- Work order: Reproduce the entries that follow exactly, dropping each image.

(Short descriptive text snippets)
*** Begin section ***

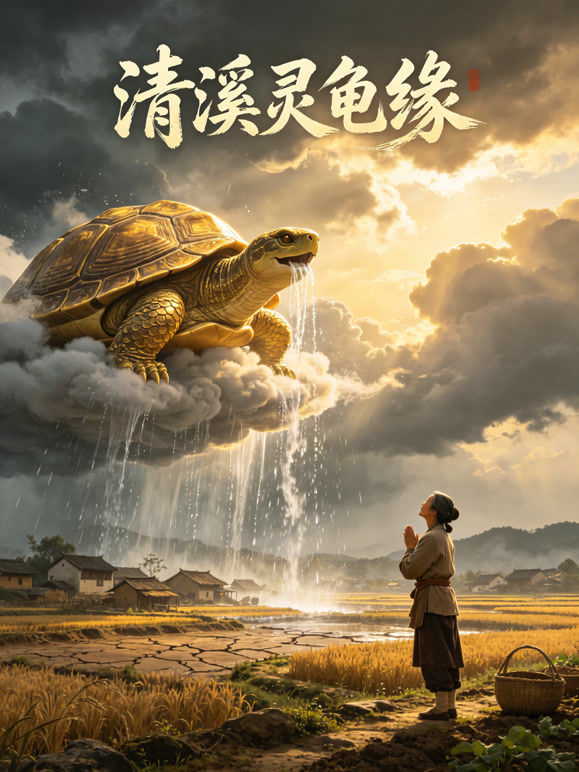 清溪灵龟缘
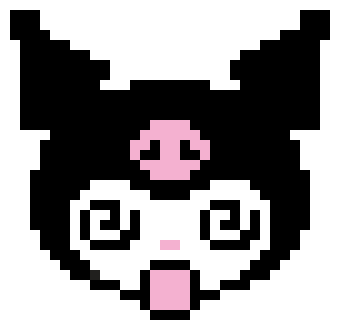 [385d63] Kuromi Swirly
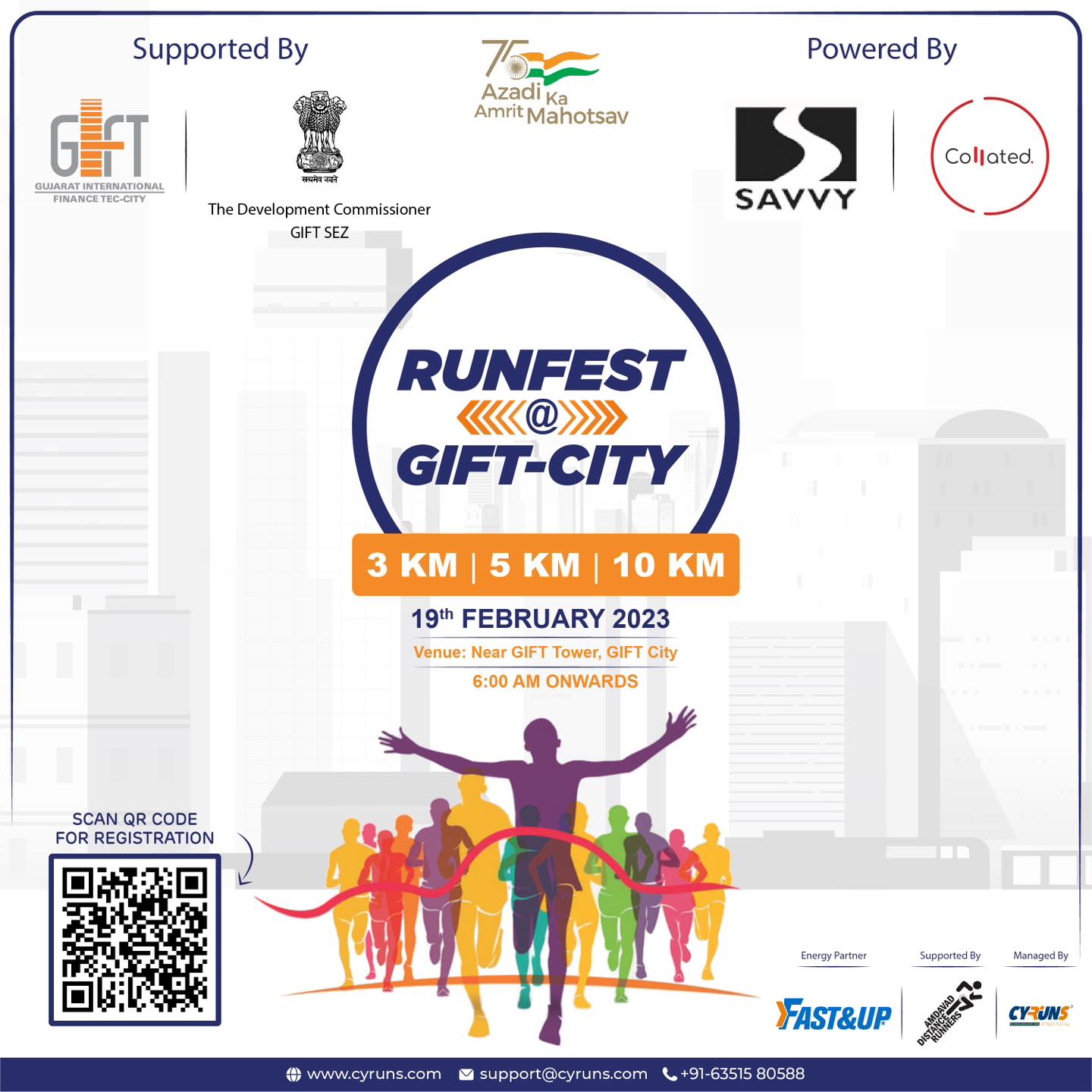 RUNFEST @ GIFT-CITY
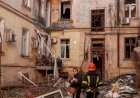 Ataque russo com drones deixa feridos em Odesa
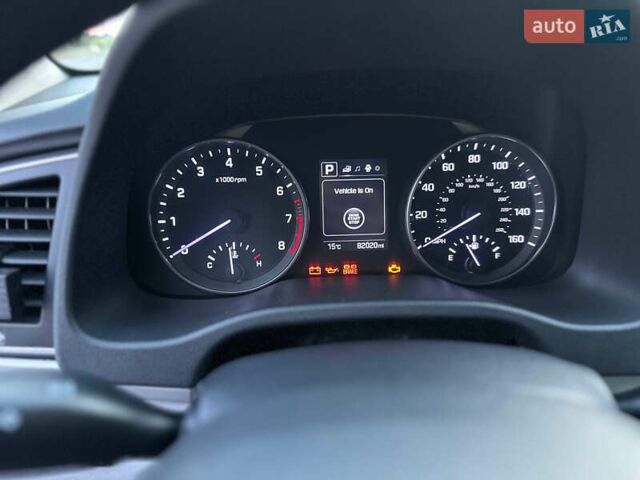Черный Хендай Элантра, объемом двигателя 2 л и пробегом 130 тыс. км за 12000 $, фото 14 на Automoto.ua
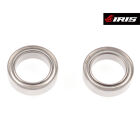 Iris 10x15x4mm Ceramic Ball Bearing (2pcs) / IRIS-81107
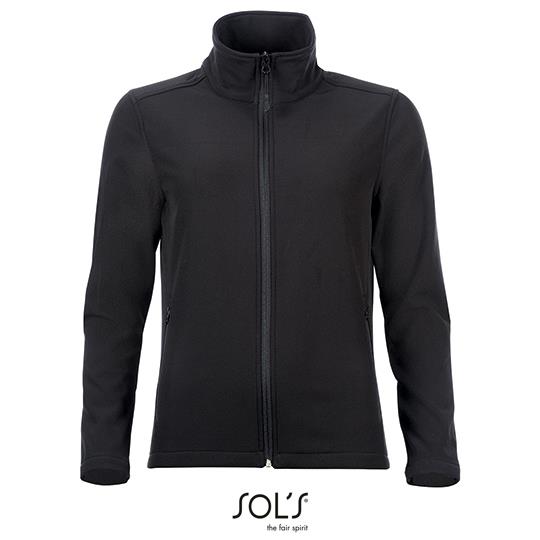 Women´s Softshell Zip Jacket Race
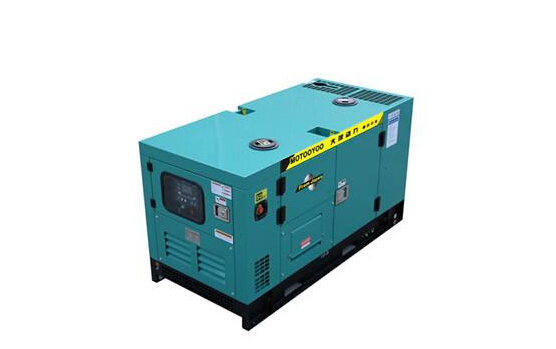 涿鹿科克50kw小型柴油发电机组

*** End section ***

- Answer area:
 清溪灵龟缘
 [385d63] Kuromi Swirly
 RUNFEST @ GIFT-CITY
 Ataque russo com drones deixa feridos em Odesa
Черный Хендай Элантра, объемом двигателя 2 л и пробегом 130 тыс. км за 12000 $, фото 14 на Automoto.ua
 Iris 10x15x4mm Ceramic Ball Bearing (2pcs) / IRIS-81107
 Women´s Softshell Zip Jacket Race
 涿鹿科克50kw小型柴油发电机组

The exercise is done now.